I NEVER wear skirts, but I wanted to see if I got more male attention by wearing one, and I actually did! I'll have to incorporate more of them into my wardrobe.

Anyway, I've been a real hermit lately- so just getting out of the house to read in a skirt is a triumph


----------



## vash (Aug 16, 2010)

Congrats!

I guess they saw your great legs. 
did that sound wrong..? hmm..


----------



## QuietBoy99 (Sep 7, 2010)

That is great that you've gotten yourself out there. Was it a bookstore?


----------



## WTFnooooo (Mar 27, 2010)

:eyes SKIRTSSSSSSSSSSSSS


----------



## Think_For_Yourself (Dec 7, 2010)

This thread is relevant to my interests.


----------



## confidencelost (Sep 3, 2010)

ViLLiO said:


> This thread is relevant to my interests.
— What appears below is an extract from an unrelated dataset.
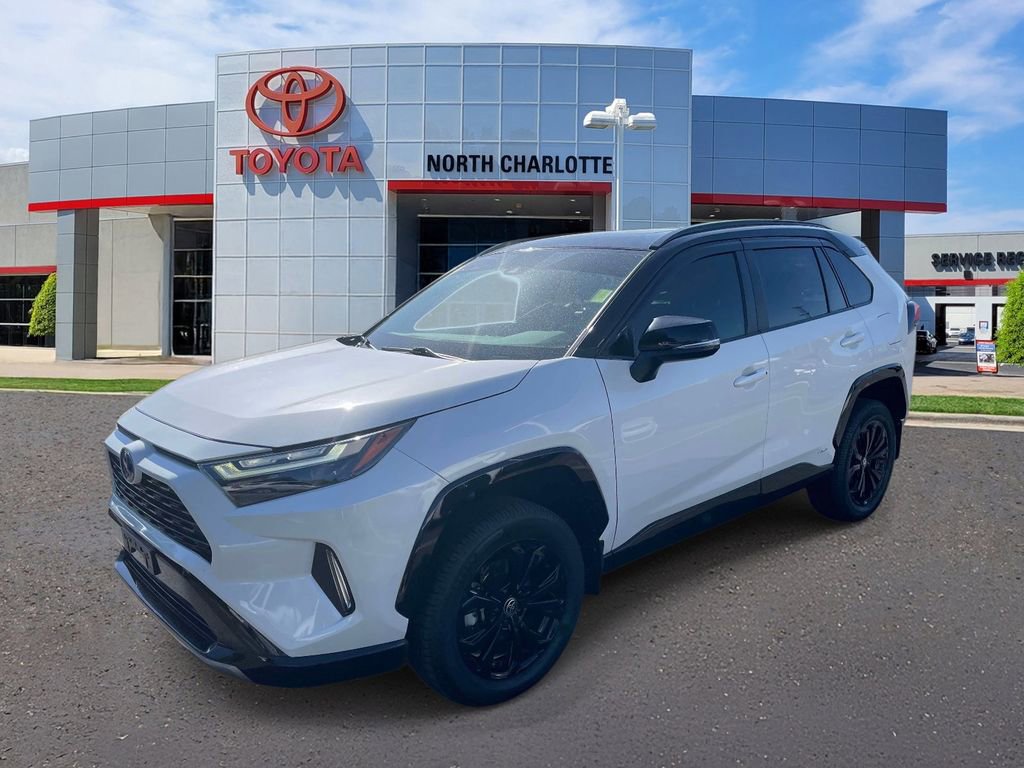 Used 2022 Toyota RAV4 XSE w/ XSE Grade Weather Package AWD/4WD image 6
You wear skirts too? Feels goooood don't it? :yes


----------



## P312 (Apr 17, 2010)

A friend of mine never wore a skirt either. One day she did and looked amazing. Very cute. There are little things that could make a whole difference like a smile or make up. OP I think you are gorgeous but you are just beginning to realize that.


----------



## layitontheline (Aug 19, 2009)

Nice. You are brave. I've never worn a skirt (since being a kid). Last summer was the first time I got brave enough to venture outside in shorts, believe it or not. I'll try to follow in your footsteps and try the skirt thing 

I'm going to be pervy and ask what kind of skirt was it? How long?!


----------



## Onigiri (Aug 3, 2010)

Awesome!


----------



## mcmuffinme (Mar 12, 2010)

It was a knee length, kind of flowy skirt. I wore nylons too cause my legs IMO are not one of my better features- one of the reasons I avoid skirts. Anyway, thanks for all the support 

and yes, it was a bookstore- Barnes N' Noble. I actually went from there to Starbucks and then to another Starbucks. I read at all three places. I like to boost my odds of meeting someone since the only thing I do outside my house is read, lol.


----------



## sarafinanickelbocker (May 16, 2010)

Good for you McMuffinme.


----------



## DreamyDove (Dec 8, 2009)

Do you find it easy to concentrate on your reading when you're in a public place? I concentrate on reading best when next to no one can see me *hides*


----------



## Ape in space (May 31, 2010)

That skirt thread is doing wonders for the ladies on this forum.


----------



## Pam (Feb 14, 2009)

That's great & it's a good boost to your confidence! 

Thanks for reminding me I should wear whatever i want and not worry about looking "too dressed up."


----------



## Paragon (Apr 13, 2010)

Skirts ftw 

Also, the reading in public places is good. I wanna be doing that.


----------



## velvet1 (Aug 11, 2010)

I've been wanting to wear this cute gray skirt but I'm just no in the mood for any sort of attention and same with shorts. But its great that it worked for you .


----------